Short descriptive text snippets
-- Opening Marker --

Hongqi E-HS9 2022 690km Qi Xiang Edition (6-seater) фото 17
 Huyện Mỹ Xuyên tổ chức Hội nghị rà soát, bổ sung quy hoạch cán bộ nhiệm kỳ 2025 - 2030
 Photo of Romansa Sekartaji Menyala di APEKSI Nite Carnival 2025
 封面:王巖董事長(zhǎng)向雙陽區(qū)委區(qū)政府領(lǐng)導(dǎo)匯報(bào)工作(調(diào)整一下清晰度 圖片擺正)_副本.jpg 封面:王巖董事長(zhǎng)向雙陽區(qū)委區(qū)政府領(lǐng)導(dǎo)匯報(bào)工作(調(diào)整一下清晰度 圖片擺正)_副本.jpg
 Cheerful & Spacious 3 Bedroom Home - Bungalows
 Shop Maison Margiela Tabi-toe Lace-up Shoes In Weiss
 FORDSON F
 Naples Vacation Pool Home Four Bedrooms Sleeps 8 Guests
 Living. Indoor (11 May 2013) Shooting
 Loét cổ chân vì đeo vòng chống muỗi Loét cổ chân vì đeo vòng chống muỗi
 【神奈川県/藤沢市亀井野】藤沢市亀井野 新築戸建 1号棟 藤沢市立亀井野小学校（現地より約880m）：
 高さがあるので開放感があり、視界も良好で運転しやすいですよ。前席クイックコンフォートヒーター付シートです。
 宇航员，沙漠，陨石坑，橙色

-- Closing Marker --

== What is being asked ==
Pull every line containing "Home" out of the entries.

== Response for this exercise ==
 Cheerful & Spacious 3 Bedroom Home - Bungalows
 Naples Vacation Pool Home Four Bedrooms Sleeps 8 Guests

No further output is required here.